There’s a much bigger problem beyond that, however, and that is life in modern day America. Our society does very little to encourage adult literacy. Our leaders don’t read and are proud of it. The popular media glorifies people who spout unqualified opinion and denigrates anyone who’s actually done the work necessary to become an expert in a particular field.

We also make it possible, if not easy, to go through life without having to read anything longer than the crawl at the bottom of the “news” channel screen. We certainly don’t expect anyone to read about and understand the complex scientific and social problems we face.

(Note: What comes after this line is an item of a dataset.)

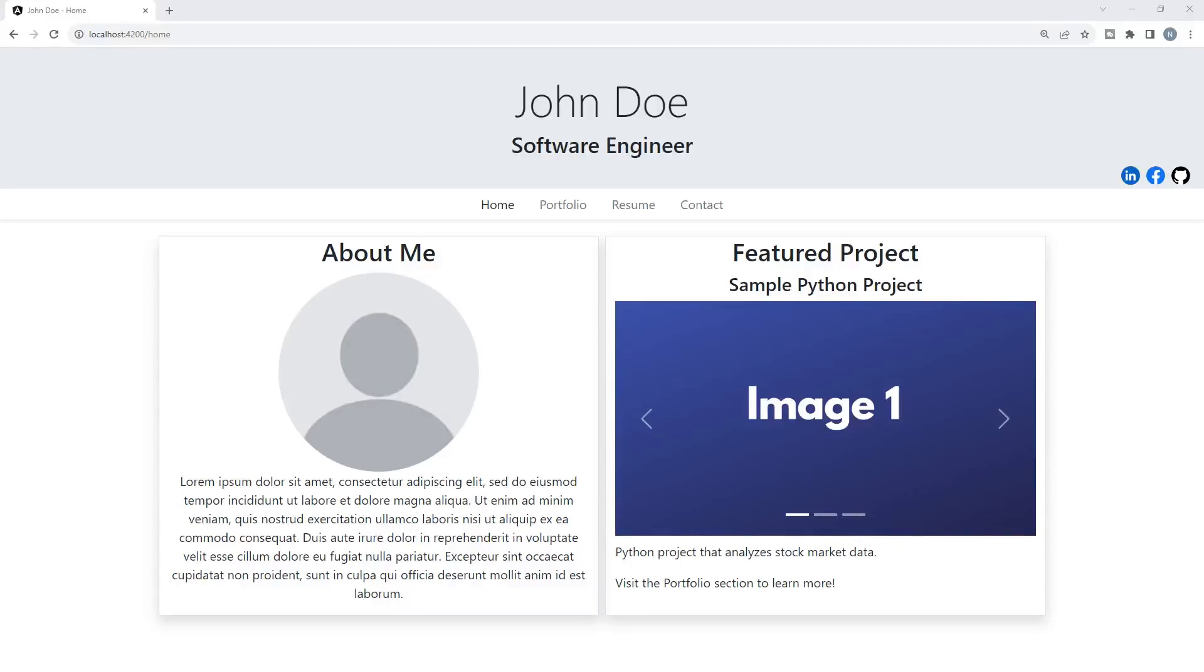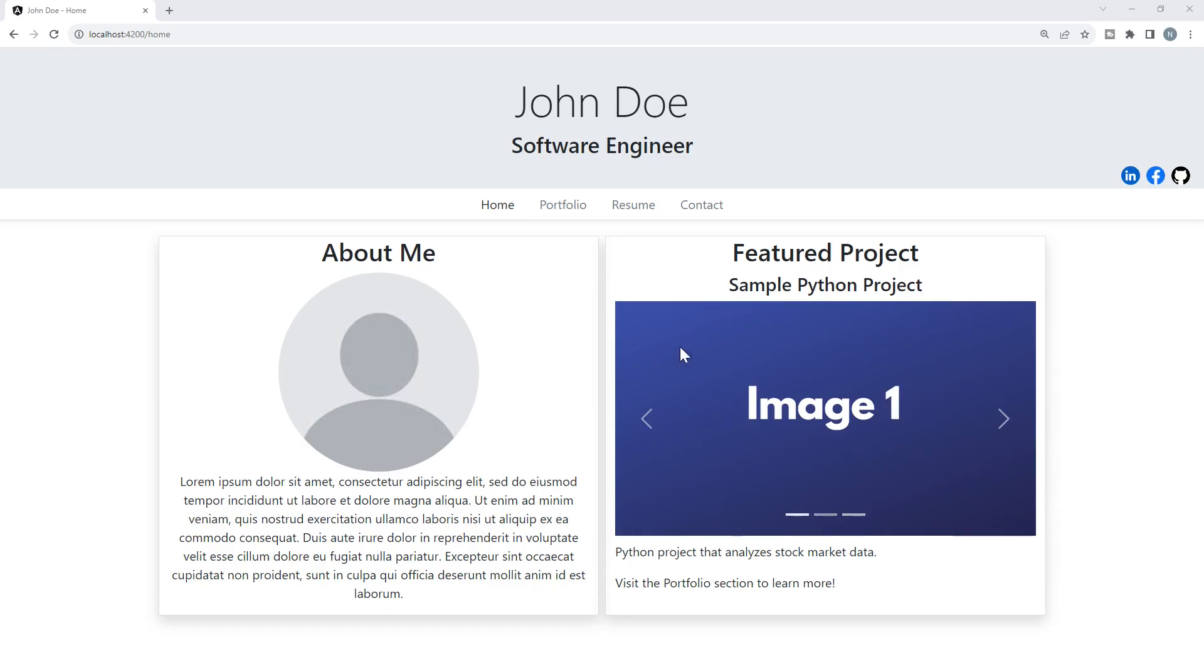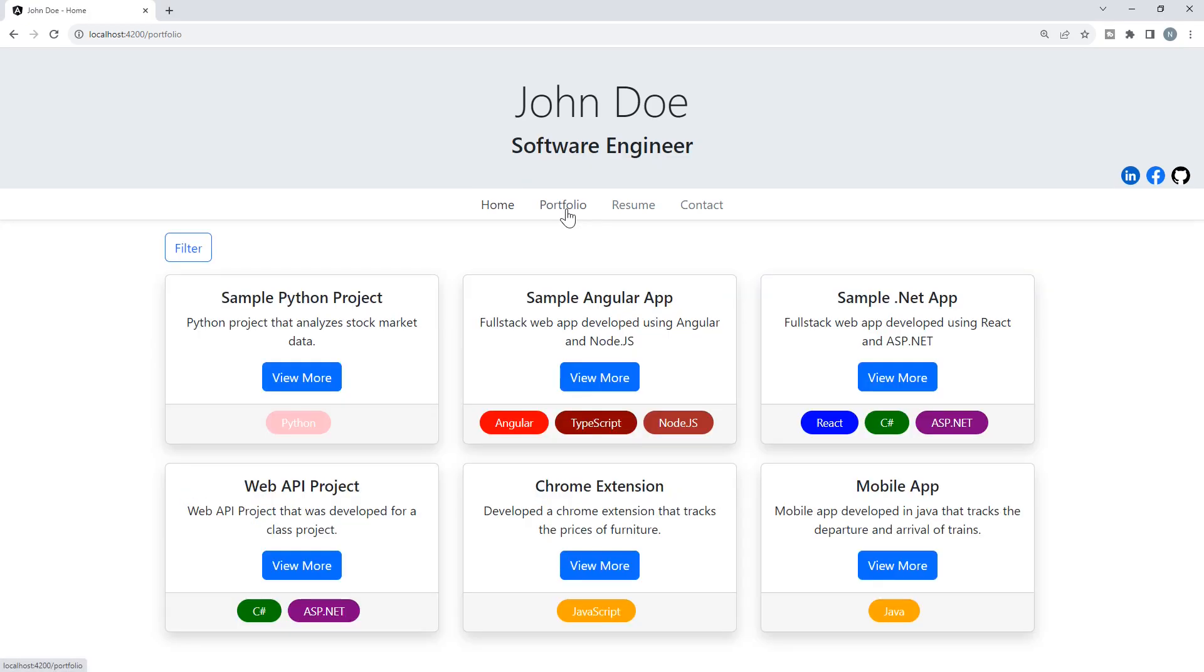Hello everyone, and welcome to the final video of the Angular Portfolio website course. If you have made it to this point, then I would like to congratulate you because we have officially completed this course. The website is now fully built.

The talking heads on your favorite TV or radio show will explain exactly what you need to know and how you should feel about every issue. Or at least every one they think is important.

adult literacy


  1. Gmarc

    The study you cite is one I sent to those faculty who work
    for me as mentors to the freshmen class at our college.
    I believe you’re right on track with Johnny’s dad. Have you
    ever noticed what’s available in used bookstores frequented
    by people who do read? Look at the sheer volume of romance
    novels. Reading men are closeted. I’m convinced of that.
    And the result is that my students aren’t reading assignments.
    You should hear people read aloud in the classroom: it is so
    painful. Nor do they understand what they do read.

  2. joffrey jones

    The decline in adult literacy is the emerging critical issue for educators. As adults, most parents don’t read, even if they can, and many can’t read any better–or as well as–their children who are struggling readers. We look for role models for behavior, civic responsibility, personal values, and the like, but adults fall short in modeling intellectual behaviors like this cornerstone to learning.

    On responder referenced romance novels as a scourge among female readers. Men who do read often read spy or detective thrillers. (I must admit that I have not recently opened my Shamus Heaney translation of Beowulf, though I did request it from my son last year as a Christmas gift.)

    As long as we see declining reading interest and ability in adults and the greater community, we will never win the literacy wars in our high schools and colleges. Perhaps we need pop culture models to espouse reading as the key to personal and intellectual growth. Something must motivate us more–sheer enjoyment in the written word does not seem to suffice in the 21st century.

  3. Rhonda Stone

    I think a few interesting things have been said that, if one really thought about it, point to the real culprit behind America’s reading woes.

    Americans no longer have an appetite for books rich with imagery and ideas. Why not? If they were interesting to past generations, why wouldn’t they be interesting to the current generation? Hmmm. It’s an interesting thought.

    Johnny can’t read because his dad can’t read. Okay. Well, Johnny was taught to read with phonics. His dad was taught to read with whole language. So, what’s wrong with this picture? Hmmm. Another interesting thought.

    It should not escape educators or most Americans that state reading scores for fourth graders are increasing dramatically while the nation’s report card — National Assessment of Educational Progress tests, which change little from year to year — show that fourth grade reading scores have increased only two points over the past 13 years (don’t believe the government spin; look at the numbers for yourselves). Two points of gain for reading and 15 points of gain for math, even though reading reform has benefitted from BILLIONS upon BILLIONS of dollars of federal and state funding. See the intrigue? State scores are rising dramatically; NAEP scores for states remain virtually flat.

    Okay. Here’s one wild answer to the puzzle: Neither phonics advocates nor whole language theorists properly identified what the brain actually does when it reads with excellece, therefore, reading theory has been flawed for decades. College grads don’t read well nor do their children because reading isn’t taught properly. Pleasure reading isn’t a pleasure any longer because very few people read very well.

    What a concept: Reading theory is flawed and the source of most reading problems.